A Johnson Firearms oferece de tudo: de gás pimenta a espetaculares fuzis de assalto. A estrela da loja, no entanto, é a pistola Glock 17. “O público sabe que é a arma curta utilizada pela maioria das forças policiais. Portanto, ela é percebida como sólida e confiável. Realmente é”, explica George. “Para se ter uma ideia, é o equivalente do AK-47 para as pistolas.” O AK-47 é mais conhecido como Kalashnikov – nome de seu inventor soviético.
Você talvez imagine George como um sujeito musculoso de olhar sombrio. Mas ele se parece mais com Bill Gates quando jovem: rosto de menino e voz aguda. Exala gentileza, como qualquer dos seus vendedores. Há diversidade de raças e sexo entre o público durante a visita do repórter.

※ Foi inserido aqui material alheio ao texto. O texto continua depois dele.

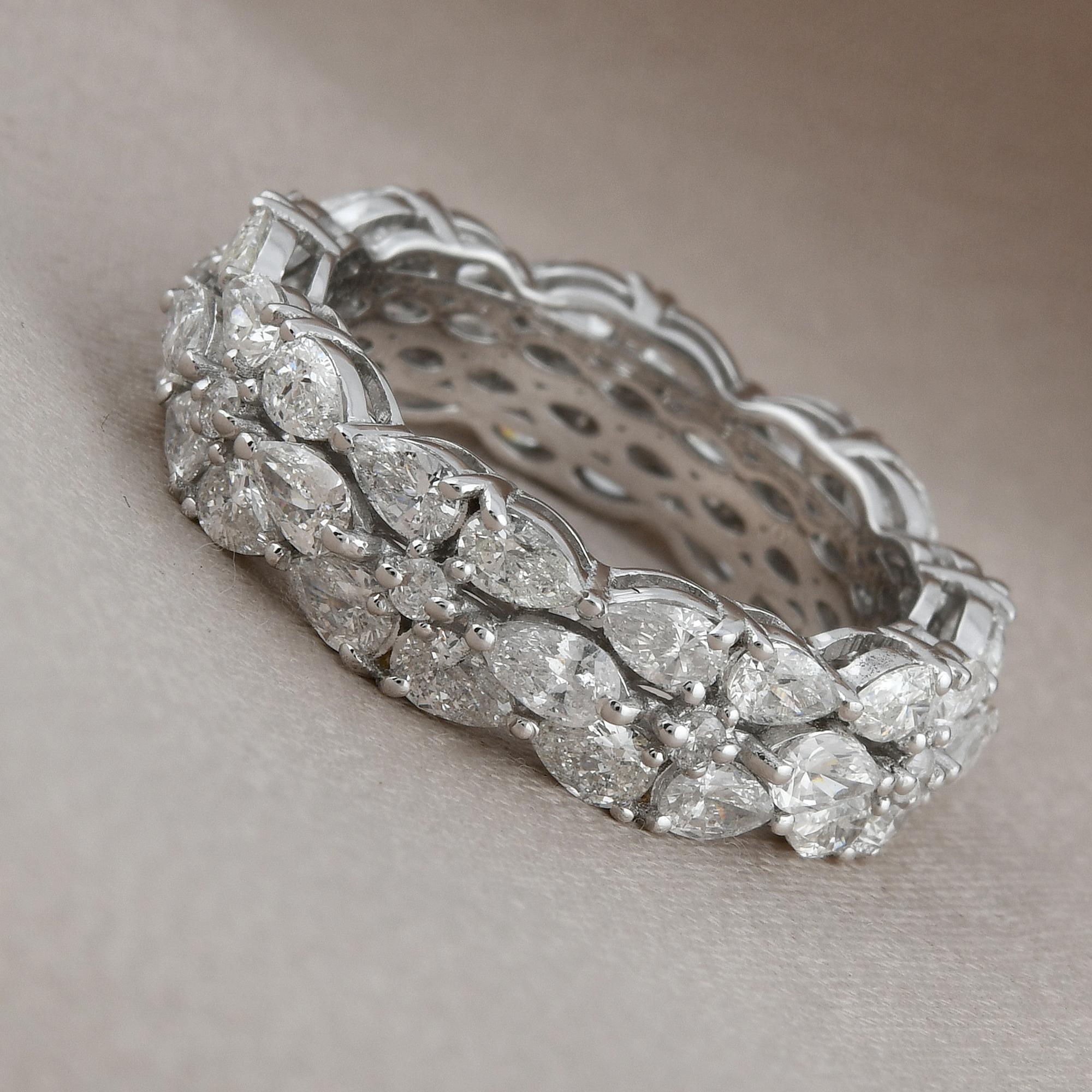 Modern 3.40 Carat Pear Round Diamond Band Ring 18 Karat White Gold Handmade Jewelry For Sale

A Glock 17, de fabricação austríaca, é uma pistola “de plástico” (polímero) leve (pesa pouco mais de meio quilo descarregada) e fácil de manusear com ambas as mãos. O repórter comprova isso. O carregador contém 17 balas de 9 milímetros. “Pela facilidade de uso e o pouco recuo, é a pistola ideal para homens e mulheres não familiarizados com as armas”, recita o vendedor. “Além disso, tem um preço moderado.” Há diversas variantes da Glock 17, todas na faixa dos 500 dólares (2.885 reais).
Em Miami não é permitido portar armas à vista em espaços públicos, salvo em casos especiais, mas (uma vez registrada a licença, que a própria loja providencia) não há problema em ter uma pistola em casa ou no porta-luvas do carro. Se você a utilizar contra alguém que entrar sem permissão na sua casa ou no seu carro, tranquilo: você nem sequer será julgado.

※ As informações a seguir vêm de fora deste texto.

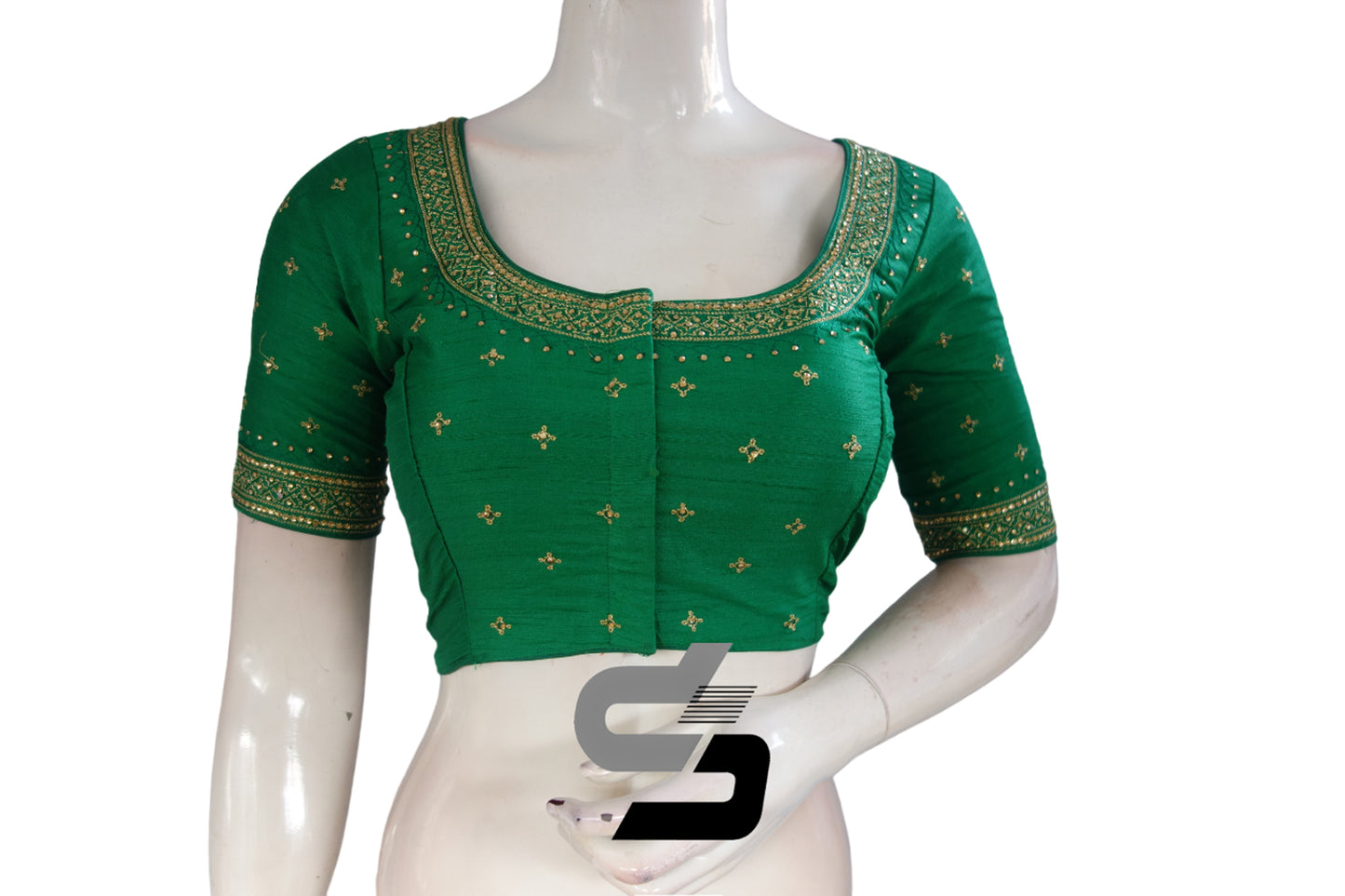 "Sapphire Elegance: Green Color Semi Silk Designer Stone Work Readymade Saree Blouse"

Na porta da loja de armas Johnson, há uma placa permitindo a entrada com armas. Com algumas observações que parecem irônicas: “Por favor, mantenha a arma no coldre, a não ser que surja uma necessidade. Nesse caso, agradecemos uma boa pontaria.” Outro cartaz, colado com durex, pede que as pessoas usem máscara e mantenham a distância nas filas formadas na rua. O estabelecimento é muito amplo, mas lota facilmente nos sábados – quando pode ser preciso esperar por meia hora. São tempos gloriosos para a indústria do armamento pessoal.

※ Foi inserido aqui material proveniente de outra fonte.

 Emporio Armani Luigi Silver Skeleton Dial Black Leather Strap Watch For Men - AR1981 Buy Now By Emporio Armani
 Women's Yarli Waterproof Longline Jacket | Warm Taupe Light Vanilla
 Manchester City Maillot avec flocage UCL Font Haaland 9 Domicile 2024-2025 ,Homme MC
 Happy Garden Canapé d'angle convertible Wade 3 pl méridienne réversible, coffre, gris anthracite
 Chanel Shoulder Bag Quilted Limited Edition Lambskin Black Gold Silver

No Brasil, indústria das armas também está em alta
O recorde de checagens de armas registrado nos EUA segue a mesma tendência observada no Brasil. Não é à toa: em dois anos de mandato, o presidente Jair Bolsonaro colaborou para que a lei brasileira do controle de armas, aprovada por Luiz Inácio Lula da Silva, se afastasse do modelo europeu para se aproximar dos Estados Unidos através de uma série de mudanças legislativas. Com isso, ela facilita o acesso aos armamentos por parte dos brasileiros, cumprindo uma promessa de campanha do presidente.
As vendas de pistolas, fuzis etc. quase triplicaram desde 2018. Se no ano da vitória eleitoral de Bolsonaro 50.000 novas armas foram registradas, neste ano de 2020 foram 130.000 até outubro, segundo dados oficiais. Além disso, os portes de arma aumentaram, mais pessoas podem sair de casa com uma arma, podem possuir mais unidades, comprar calibres mais potentes, mais munição e agora devem renovar o porte em dez anos, não mais em cinco. O desejo de ver a população armada foi explicitado pelo próprio Bolsonaro em reunião gravada com os seus ministros. “Quero que o povo se arme! É a garantia de que não vai aparecer um filho da puta para impor uma ditadura aqui! Como é fácil impor uma ditadura!”, vociferou o presidente em abril deste ano.